The transplanted immunodeficient mice were given 6 boosters and final immunizations. v. After performing the procedure, hybridomas were prepared by removing the spleen and fusing it with myeloma cells.

Next, from the produced hybridomas, those having the ability to produce an antibody showing a specific reaction to the antigen were selected by flow cytometry.

With respect to the antibodies produced by some of the selected hybridomas, B. The specificity for dorei and the cross-sectionality to other bacteria were examined. B. isolated from healthy subjects used as the antigen. In addition to the dorei isolated strain, a bacterial species (Fig. 1) purchased from the Japan Collection of Microorganisms (JCM) of the RIKEN BioResource Center as another Bacteroides genus was used as the first test bacterial group.

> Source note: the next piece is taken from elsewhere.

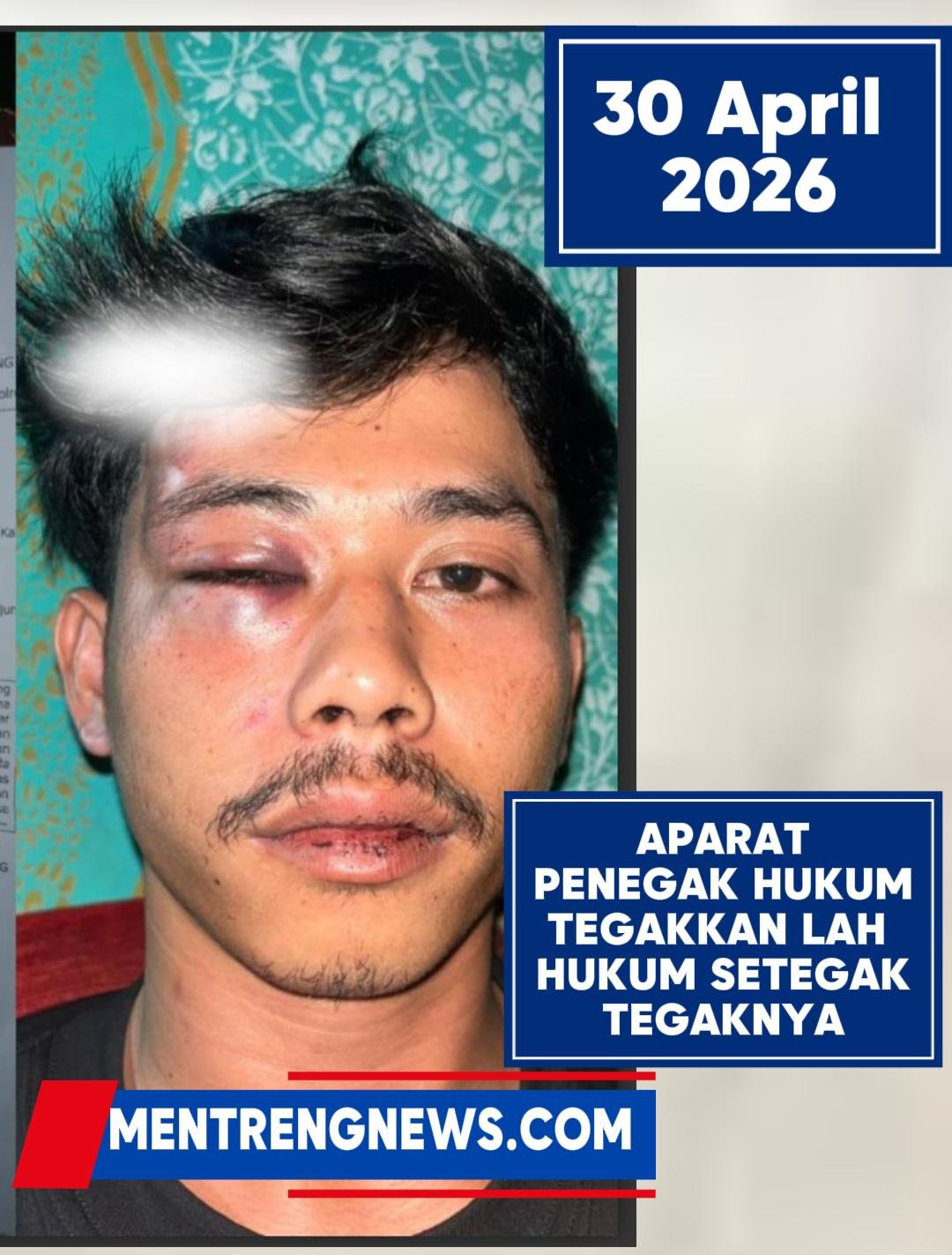 BUKTI NYATA! SOLEHUDIN KORBAN DUGAAN PENGEROYOKAN DAN PENGANIAYAAN DITUDUH MALING MOTOR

The culture conditions of the first test bacterial group (hereinafter referred to as test culture condition 1) are as follows. To 5 mL of GAM liquid medium (manufactured by Nissui Pharmaceutical Co., Ltd.), 20 μL was added from the glycerol stock of each bacterium, and the cells were cultured in an anaerobic chamber BACTRON 300 (manufactured by SHEL LAB) for 24 hours.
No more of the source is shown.